Segregation of boys and girls at faith school is not direct discrimination


The High Court has decided that a faith school’s segregation of girls and boys when they reach a certain age does not amount to less favourable treatment and therefore no direct discrimination occurred in this case. Given that there was no distinction between the opportunities afforded to the girls and boys to interact with each other, it could not be said that one sex was treated less favourably than the other.

The argument that segregation in a faith school generates a feeling of inferiority as to the status of females in the community is too broad and sweeping an assertion to make in a multi-cultural society, where segregation is not enforced but chosen by parents. (The Interim Executive Board of X School v HM Chief Inspector of Education, Children’s Services and Skills [2016] EWHC 2813.)


X is a voluntary aided faith school for boys and girls aged between four and 16. It has an Islamic ethos and for religious reasons separates boys and girls from Year 5 onwards (when they are aged nine and above) for lessons, trips, breaks and lunchtimes.

In June 2016, Ofsted inspected X and later submitted to X a draft of its report that it proposed to publish.
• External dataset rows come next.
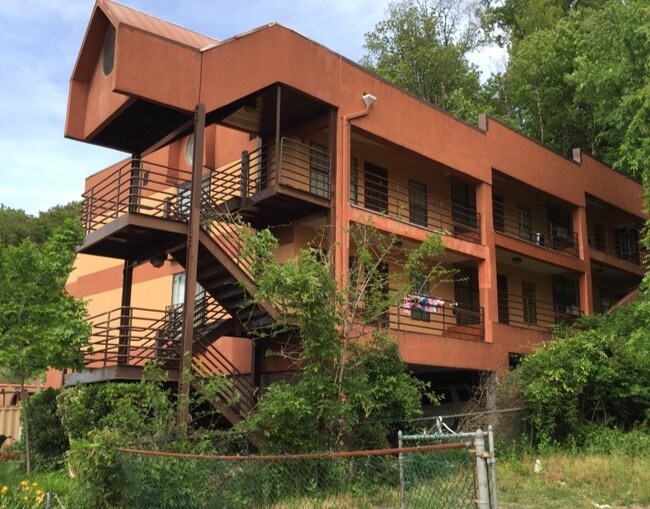 Foto del edificio - 589 Fairview Ave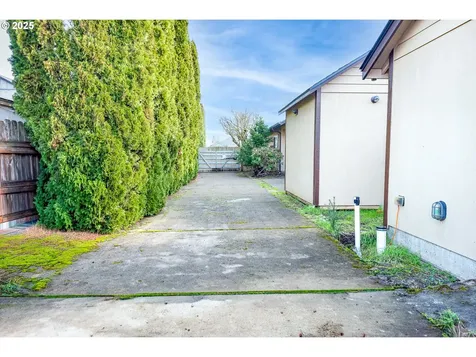 83 Sunday Drive Creswell OR 97426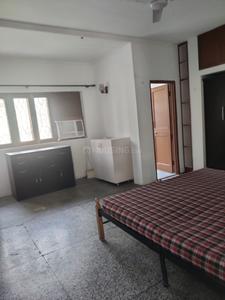 Bedroom Image of 1850 Sq.ft 2.5 BHK Apartment / Flat for sale in Sector 29 Noida for Rs. 22000000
The report rated X as inadequate and cited a number of concerns about its leadership and management, among other things. The report included criticism of X’s segregation policy. However, this policy was well known to parents and reflected its Islamic ethos, which in X’s view discourages the mixing of genders in this age group.

Ofsted took the view that it limited pupils’ social development, and the extent to which they would be prepared for interaction with the opposite sex on leaving school. The draft report noted this and pointed out that the school had not considered “how to mitigate the potentially negative impact of this practice on pupils’ chances to develop into socially confident individuals with peers from the opposite gender”. Ofsted took the view that this gender segregation was unlawful under the Equality Act 2010. However, there was no suggestion that either boys or girls received a different or qualitatively poorer level of education than the other.

X brought a judicial review challenge in respect of Ofsted’s proposed report. Among other things, it argued that Ofsted was wrong in its view that sex segregation was unlawfully discriminatory under the Equality Act 2010.

Although this case concerns discrimination in the context of a school/education and not employment, the principles involved are useful to note.